Compare performance of the O(n²)-inner Aliens against the O(n) CHT-inner Aliens across all 3 languages.

Go

package main

import (
    "fmt"
    "time"
)

func aliensQuadratic(a []int, K int) int64 { /* O(n^2) inner */ return 0 }
func aliensCHT(a []int, K int) int64       { /* O(n) inner   */ return 0 }

func main() {
    sizes := []int{1000, 2000, 5000, 10000, 20000}
    for _, n := range sizes {
        data := make([]int, n)
        for i := range data {
            data[i] = (i*7919 + 13) % 1000
        }
        K := n / 2
        start := time.Now()
        aliensCHT(data, K)
        fmt.Printf("n=%6d (CHT): %v\n", n, time.Since(start))
    }
}

Java

public class Benchmark {
    static long aliensQuadratic(int[] a, int K) { return 0; } // O(n^2) inner
    static long aliensCHT(int[] a, int K) { return 0; }       // O(n) inner

    public static void main(String[] args) {
        int[] sizes = {1000, 2000, 5000, 10000, 20000};
        for (int n : sizes) {
            int[] data = new int[n];
            for (int i = 0; i < n; i++) data[i] = (i * 7919 + 13) % 1000;
            int K = n / 2;
            long start = System.nanoTime();
            aliensCHT(data, K);
            System.out.printf("n=%6d (CHT): %.3f ms%n", n, (System.nanoTime() - start) / 1e6);
        }
    }
}

Python

import timeit


def aliens_quadratic(a, K):  # O(n^2) inner
    return 0


def aliens_cht(a, K):        # O(n) inner
    return 0


if __name__ == "__main__":
    for n in [1000, 2000, 5000, 10000, 20000]:
        data = [(i * 7919 + 13) % 1000 for i in range(n)]
        K = n // 2
        t = timeit.timeit(lambda: aliens_cht(data, K), number=3)
        print(f"n={n:>6} (CHT): {t / 3 * 1000:.3f} ms")

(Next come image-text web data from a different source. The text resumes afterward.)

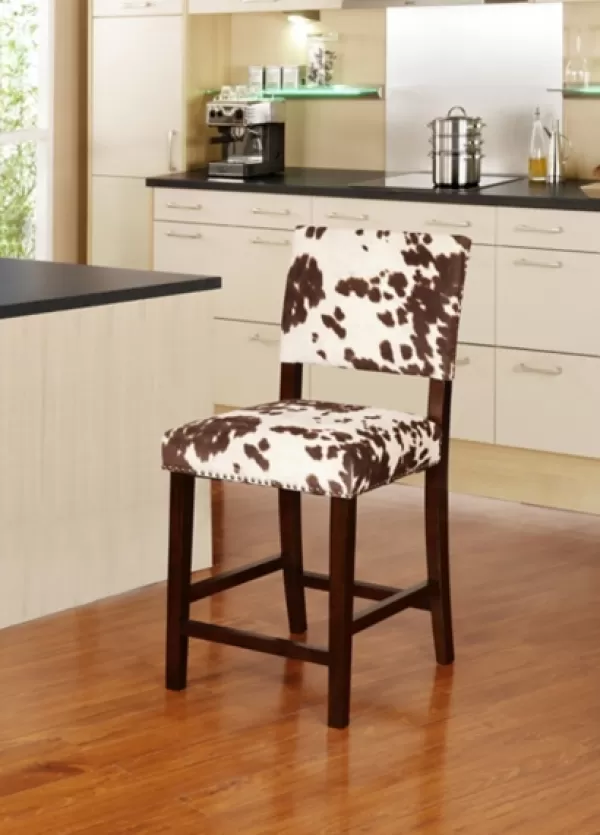 Bar Stools & Counter Height Stools-Kirkland's Home Udder Madness Counter Stool Brown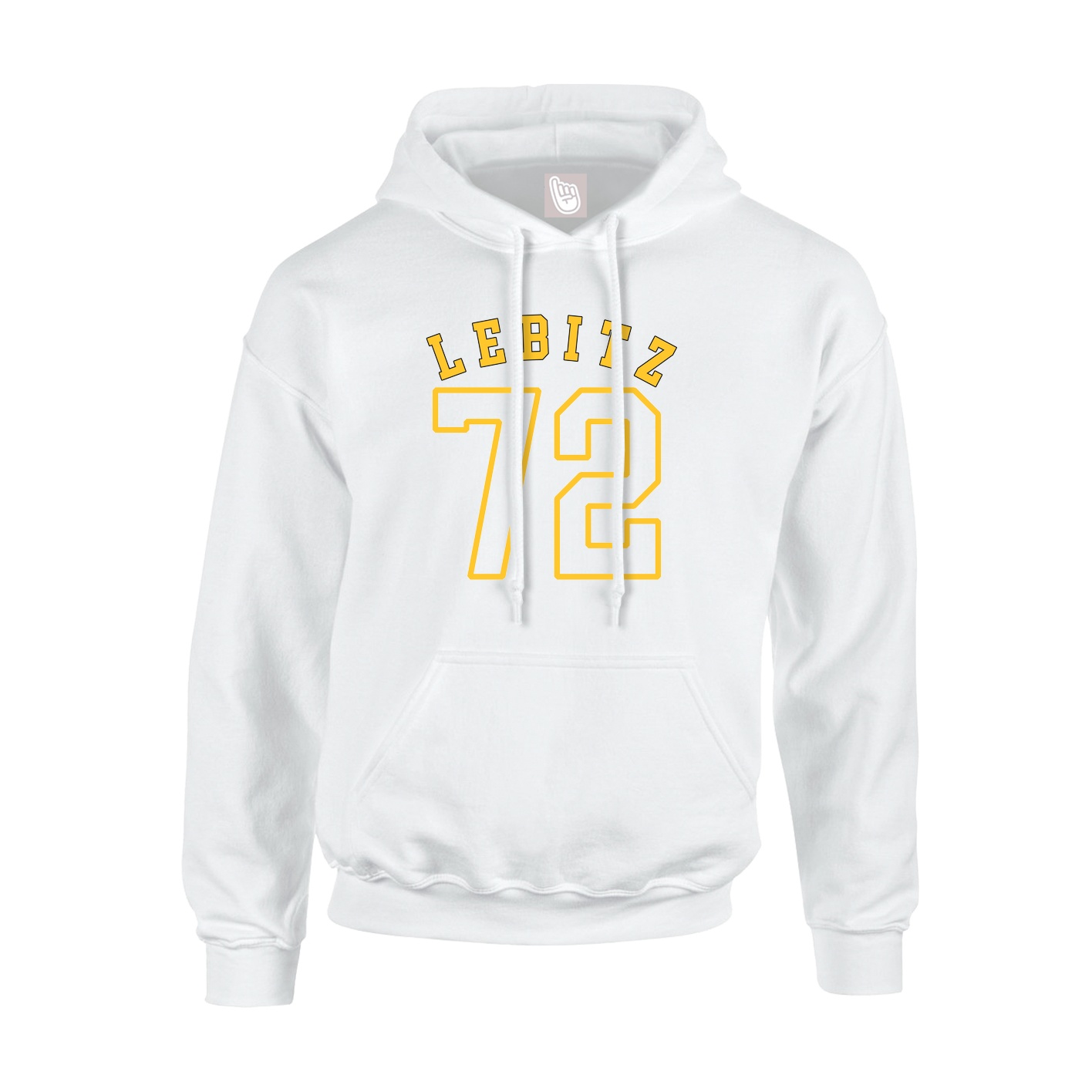 Hoodie — Shirsey Arch in White
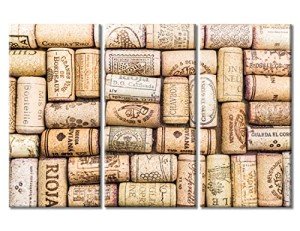 3-Piece Wine-Themed Canvas Wall Art Set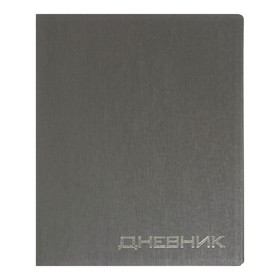 Дневник премиум класса 1-11кл Балакрон VIGO VA0205, софт-тач, серебро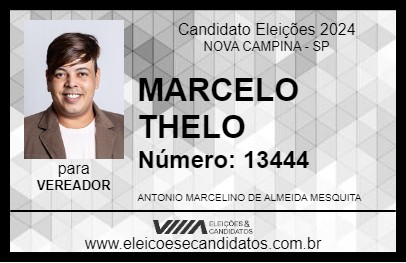 Candidato MARCELO THELO 2024 - NOVA CAMPINA - Eleições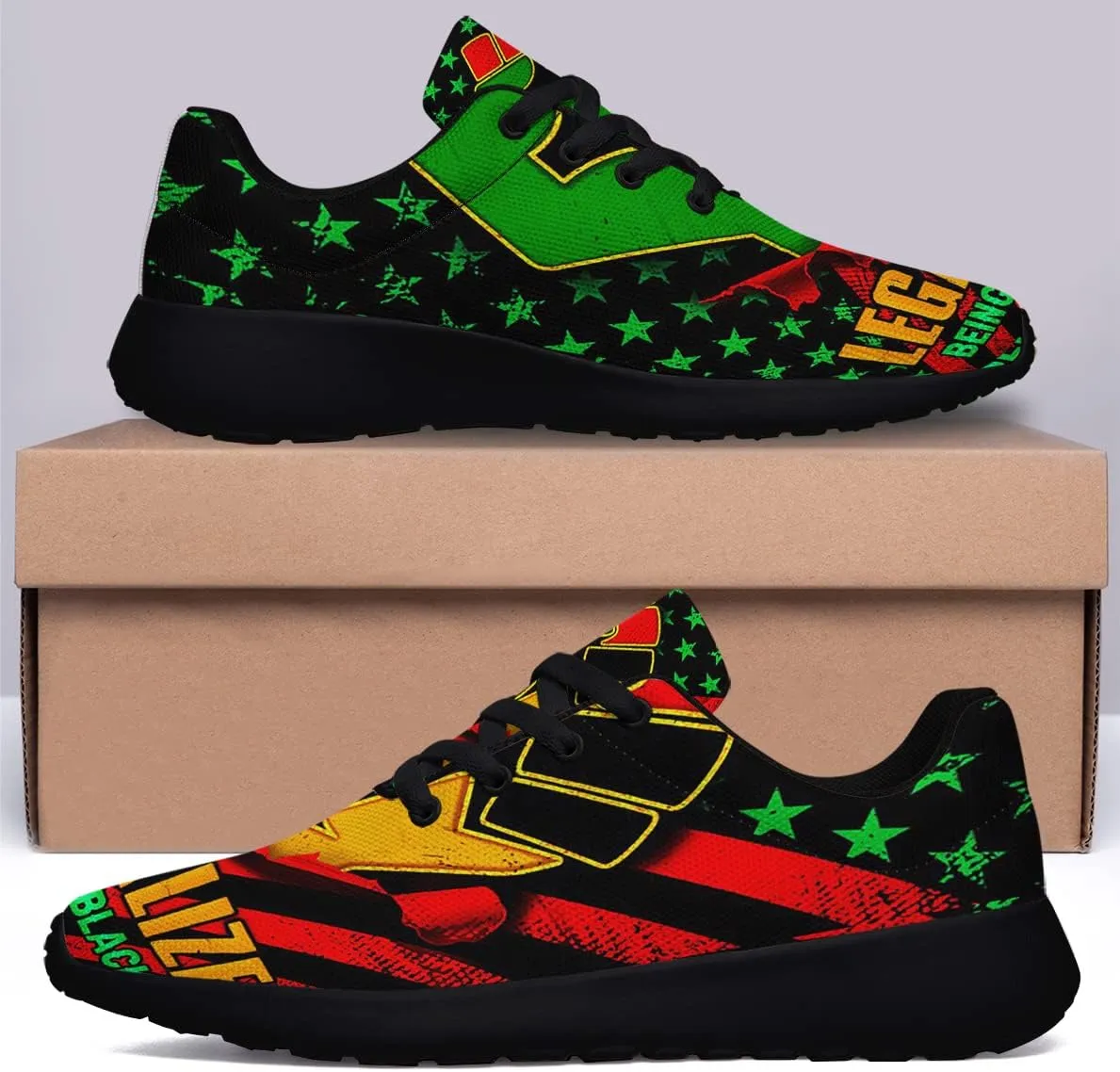 Mens Womens Juneteenth 1865 Shoes,Juneteenth Freedom Athletic Running Tennis Sneakers Casual Black History Shoes
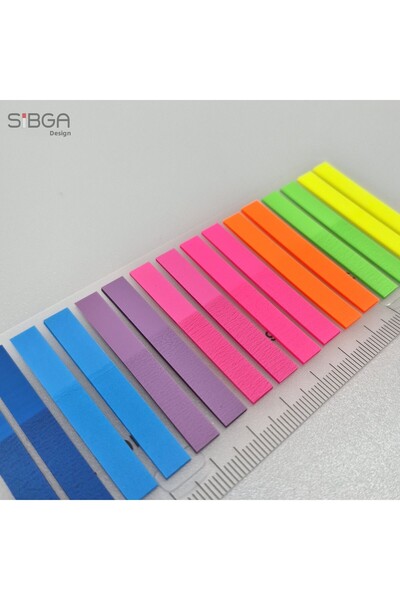 sibga tasarım Thin Strip 320 Sheets Transparent Color Postit Post-It Post It. Bookmark Bookmark Postit Sticker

What to observe: the CHT-inner version is O(n log(range)) — roughly linear in n with a small log(range) constant and no K factor — while the O(n²)-inner version grows quadratically and the count-indexed baseline grows as O(K·n…). Plot runtime vs n for both and confirm the K-independence of the Aliens approach by also varying K at fixed n.